──────── Provided information ────────

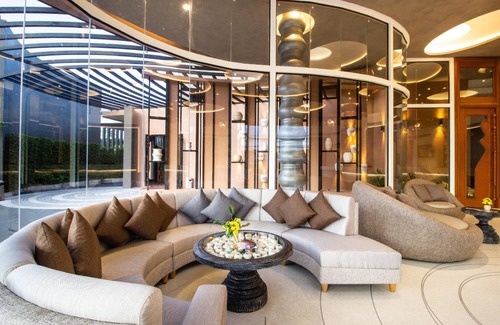 Na Muang Hotel | 48 m² Hotel ∙ 127 guests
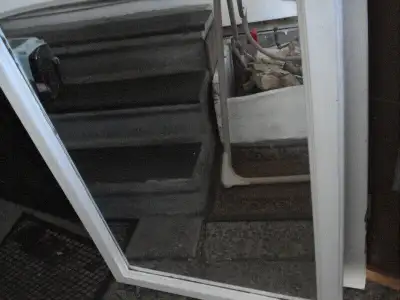 Large Mirror, View more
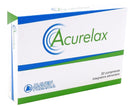 Acurelax integratore alimentare 30 compresse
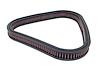E-1970 High Performance O.E. - Style Replacement Filter 1967-1969 Chevy Corvette 7.0L - image 1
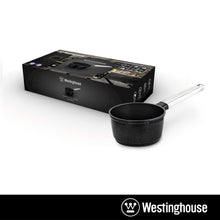 Load image into Gallery viewer, Non-stick Sauce &amp; Milk Pan, Cast Aluminum, 2 Qt., 7" (18cm)
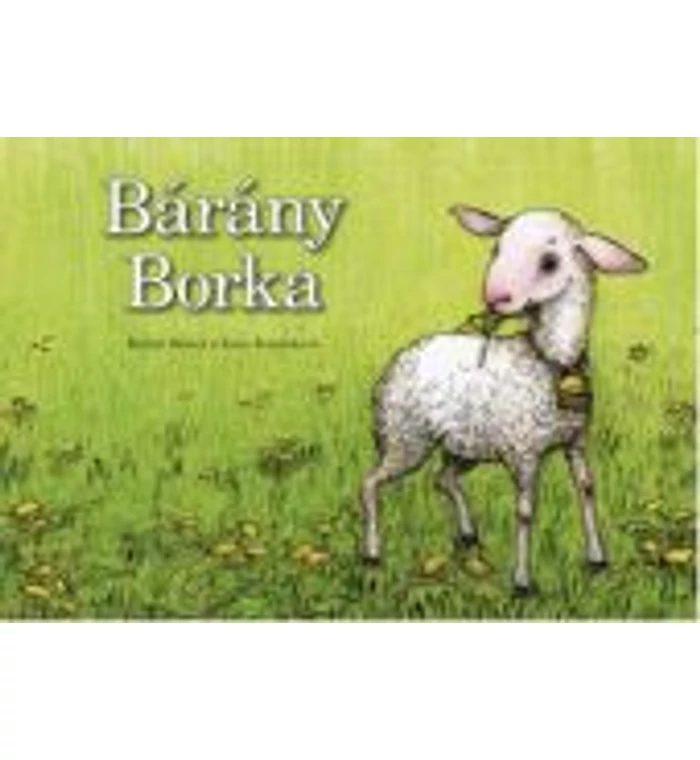 R. Bicová - Bárány Borka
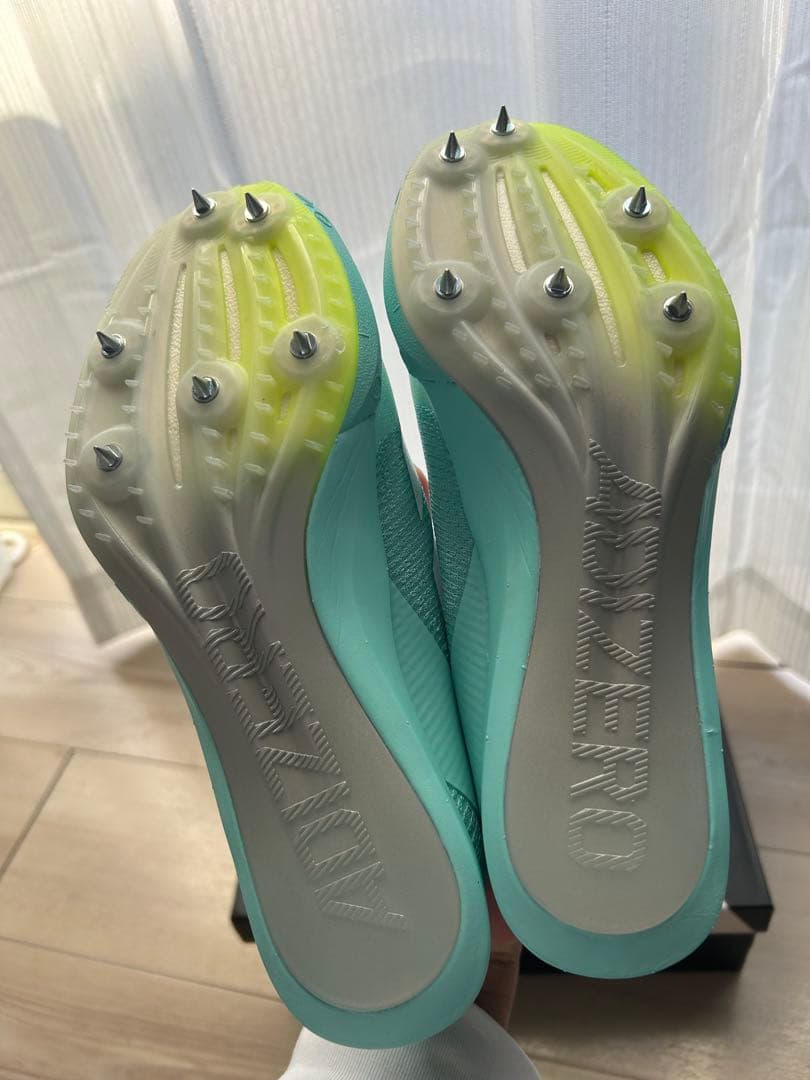 スパイク・シューズ adidas adizero finesse 23.5cm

────────

Pictures are to be omitted; otherwise, write out the data exactly as it appears.

Response —
 Na Muang Hotel | 48 m² Hotel ∙ 127 guests
 Large Mirror, View more
 Acurelax integratore alimentare 30 compresse
E-1970 High Performance O.E. - Style Replacement Filter 1967-1969 Chevy Corvette 7.0L - image 1
 Load image into Gallery viewer, Non-stick Sauce &amp; Milk Pan, Cast Aluminum, 2 Qt., 7" (18cm)
 R. Bicová - Bárány Borka
 スパイク・シューズ adidas adizero finesse 23.5cm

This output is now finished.